Ce village, si près de chez moi et si loin à la fois. A peine une heure de route et c'est le dépaysement. Ce n'est pas possible ! Nous sommes déjà dans le Valais ? Déjà dans la vallée du Rhône ? Déjà à Aigle au milieu des vignes ? "Tu verras, c'est magnifique !" Mais je ne m'attendais pas à ça. Je ne m'attendais pas à toutes ces collines, à cette ville charmante posée sur un promontoire, à toute cette culture viticole et gastronomique qui transpire à chaque centimètre carré de pavé, à chaque coin de place, à chaque instant. Sancerre est un microcosme, un micro pays, tout un monde hors du monde et pourtant très relié à lui. Le fruit de ses récoltes s'exporte à travers la planète. Sancerre est polyglotte et on voit l'opulence que ça lui procure, l'orgueil que ça lui donne. Le trésor mature dans le secret des caves, dans ces gigantesques fûts qu'on aperçoit à la sauvette, par l’entrebâillement d'une porte. Il y a tellement de viticulteurs qui ont pignon sur rue qu'on se demande comment ils ne se marchent pas sur les pieds, comment certains ne finissent pas écrasés par la concurrence.

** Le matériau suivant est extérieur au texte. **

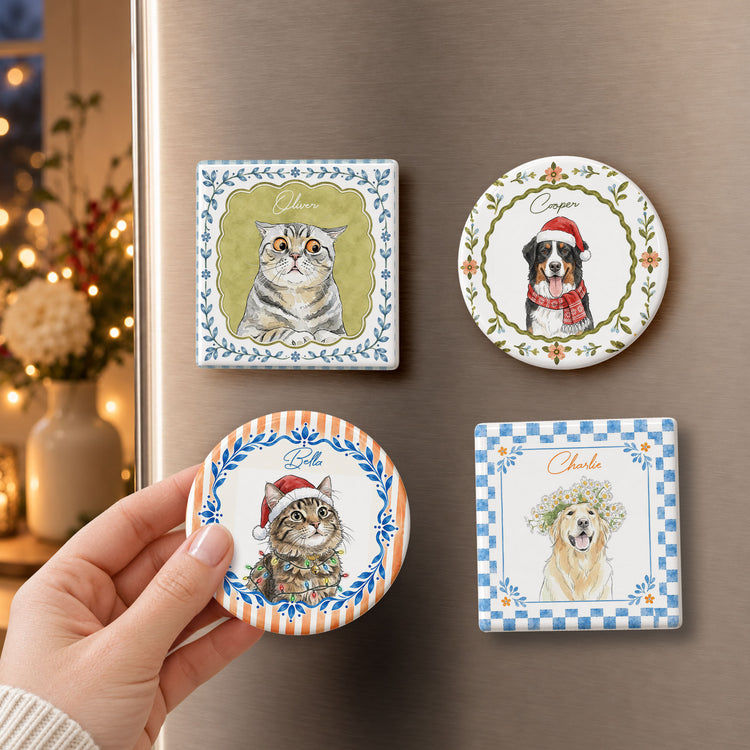Custom-Pet-Watercolor-Colorful-Christmas-Gifts-For-Pet-Lovers-Personalized-Magnet-4
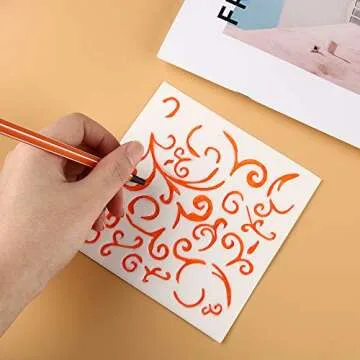 9pcs Geometric Layering Stencils for DIY Craft Projects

Du haut de la tour, Sancerre étale sans modestie ses coteaux au nez et à la barbe des touristes ébahis. Il y a de quoi être fier de ce travail, de ce pays, de cette culture. Il y a de quoi se prendre légitimement pour le roi du monde quand on est d'ici.
Nous sommes maintenant au-dessus de Chavignol. Marcher sur les chemins à travers les vignes est un émerveillement pour les yeux, pour les sens, pour les rêves. Le regard saute allègrement de colline en colline et embrasse l'horizon, tandis qu'à nos pieds, encore microscopiques, les premières grappes de raisins montrent le bout de leur nez. La promesse des futures vendanges. La naissance imminente de ce qui donnera l'élixir le plus recherché. Une sorte d'alchimie entre les paysages et les hommes qui les sculptent, entre la terre et ce qu'on en fait, entre la ruralité et la noblesse. A Sancerre, on comprend que l'une ne va pas sans l'autre et que les deux, au contraire, ne font qu'une.